In consideration of the services provided by Sirios with respect to the Sirios Assets, the Advisor will pay Sirios a management fee that shall be payable monthly in arrears on or before the 30th calendar day following the end of each applicable month.
The subadvisory agreement became effective as of June 11, 2015 and shall continue in effect for a period of two years from such date, unless sooner terminated as hereinafter provided, and shall continue in effect from year to year thereafter so long as such continuance is specifically approved by the Board of Directors.
The subadvisory agreement may be terminated on 60 days’ prior written notice to Sirios (i) by the Board of Directors, (ii) by a vote of holders of a majority of the Fund’s outstanding voting securities, or (iii) by the Advisor. The subadvisory agreement may be terminated by Sirios upon 60 days’ prior written notice to the Advisor and the Corporation. The subadvisory agreement shall terminate automatically upon the termination of the management agreement between the Advisor and the Corporation. The subadvisory agreement shall also terminate automatically in the event of its assignment, as such term is defined in Section 2(a)(4) of the Investment Company Act of 1940.
Third Avenue Management LLC
At a meeting held on June 9, 2015, and pursuant to PWP’s and the Advisor’s recommendation, the Board approved Third Avenue as an underlying subadvisor for the AC Alternatives Income Fund and approved a related subadvisory agreement. Third Avenue is located at 622 Third Avenue, 32nd Floor, New York, New York 10017. Third Avenue or its predecessor entity has been an investment adviser to mutual funds since its organization in 1986. Third Avenue adheres to a strict value discipline in selecting securities and other instruments. This means seeking investments whose market prices are low in relation to what Third Avenue believes is their intrinsic value and/or whose total return potential is considered by Third Avenue to be high. Third Avenue identifies investment opportunities through intensive research of individual companies and, generally, does not focus on stock market conditions or other macro factors.

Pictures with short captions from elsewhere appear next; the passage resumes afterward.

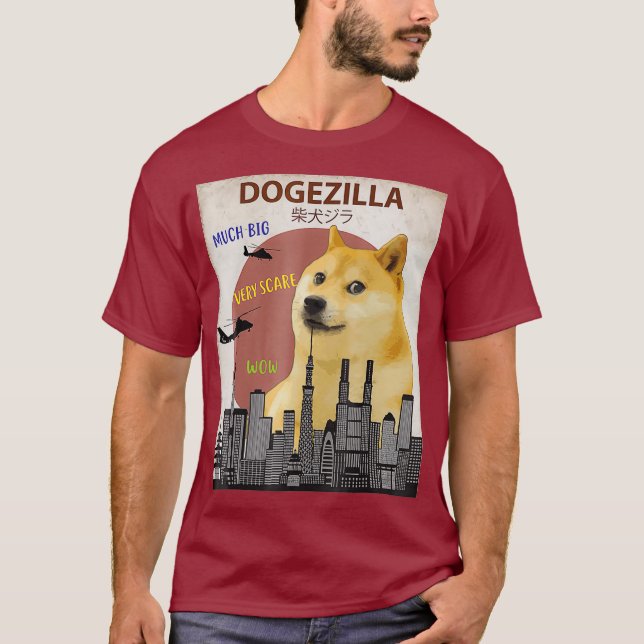    DogezillaFunny DOGE MEME Shiba Inu Hund tröja (Framsida)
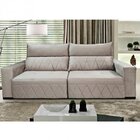 Sofá Retrátil E Reclinável Ellen 200cm 3 Lugares Com Molas No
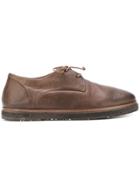 Marsèll Chunky Sole Distressed Derby Shoes - Brown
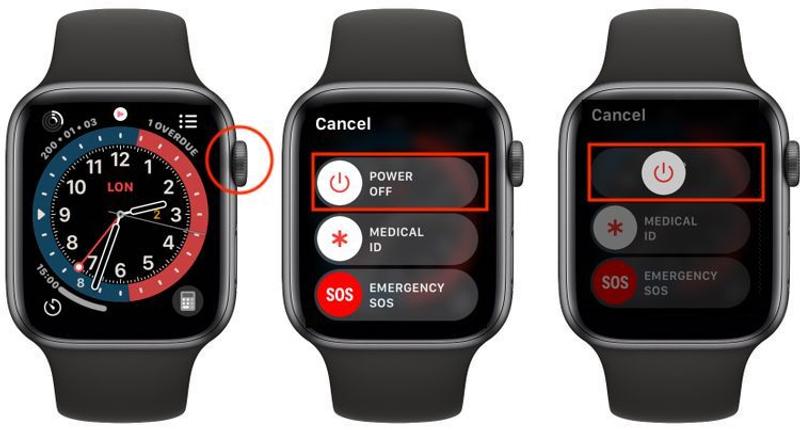 Apple Watchを再起動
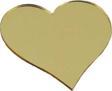 Pleksi Aynalı Kalp - Flexi Kalp 5X5 Cm Yapışkanlı (10 Adet)   Altın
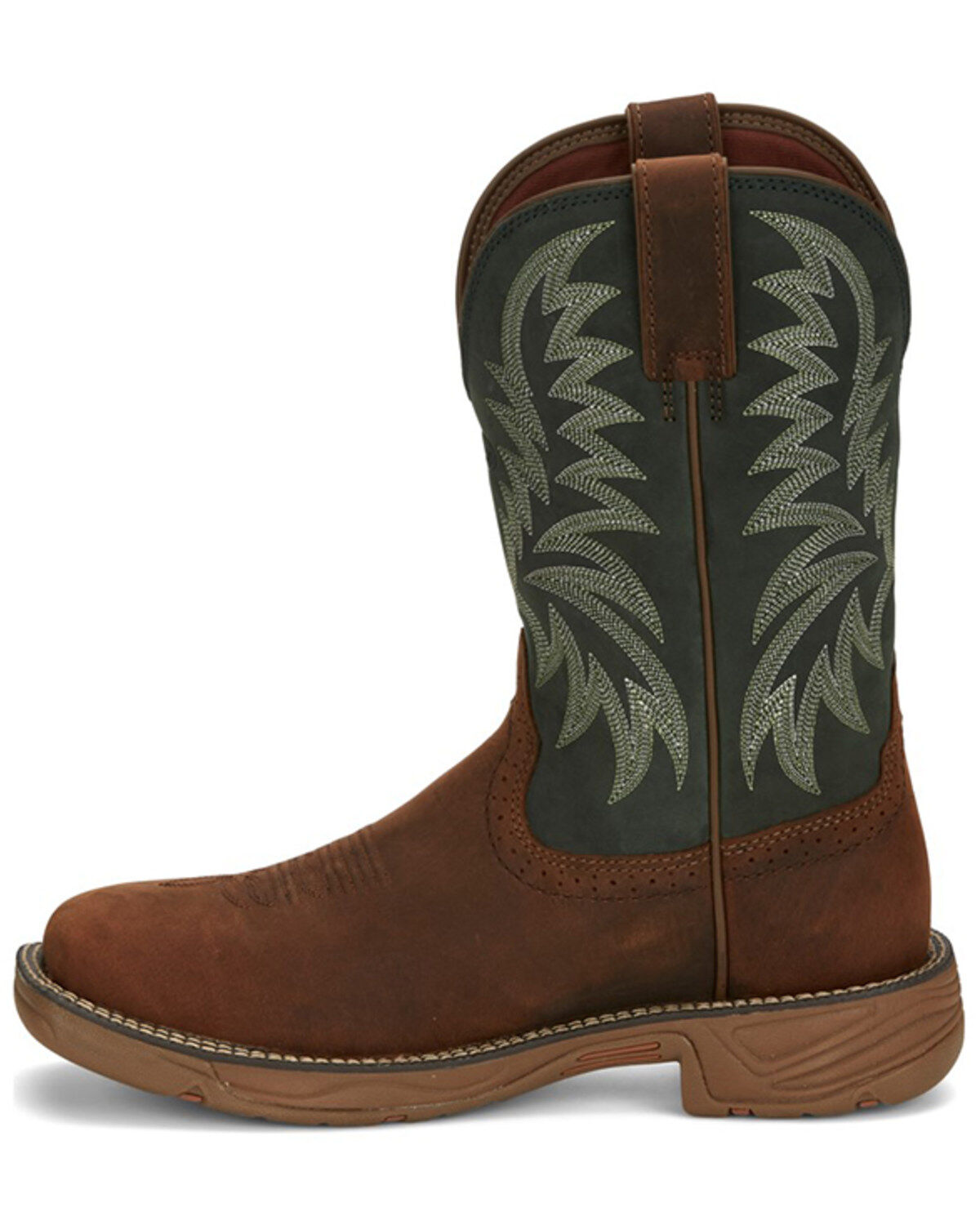 Justin Men's Rush Short Base Performance Western Boots - Broad Square Toe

Third Avenue will manage a real estate strategy for the Fund that focuses investments in equities, debt and hybrid securities issued by companies which own significant real estate assets or derive a significant portion of gross revenues or net profits from real estate or real estate-related companies at the time of investment (collectively, “real estate companies”). The strategy may also acquire senior securities, such as preferred stocks and debt instruments (including high-yield, distressed and mortgage-backed securities that may be in default and may have any or no credit rating) of real estate companies or loans secured by real estate or real estate-related companies that the advisor believes have above-average yield potential.





Third Avenue Subadvisory Agreement
Under the subadvisory agreement, subject to the supervision and oversight of the Advisor, Third Avenue, with respect to the portion of the Fund allocated to it by PWP (“Third Avenue Assets”), will conduct a continual program of investment and make investment decisions with respect to the Third Avenue Assets, place purchase and sale orders on behalf of the Fund (subject to the duty of best execution) and maintain such books and records as required by the Investment Company Act of 1940 and the Investment Advisers Act of 1940. The Advisor will vote the Fund’s investment securities in accordance with the Fund’s proxy voting policies and procedures. Third Avenue will not be responsible for voting such securities, but upon reasonable request by the Advisor will assist the Advisor in determining how securities shall be voted. Third Avenue’s investment authority is subject to the Fund’s registration statement, the Fund’s investment policy statement and the investment guidelines for the Third Avenue Assets, other written policies of the Fund, applicable laws and regulations and the oversight of the Board of Directors, the Advisor and PWP.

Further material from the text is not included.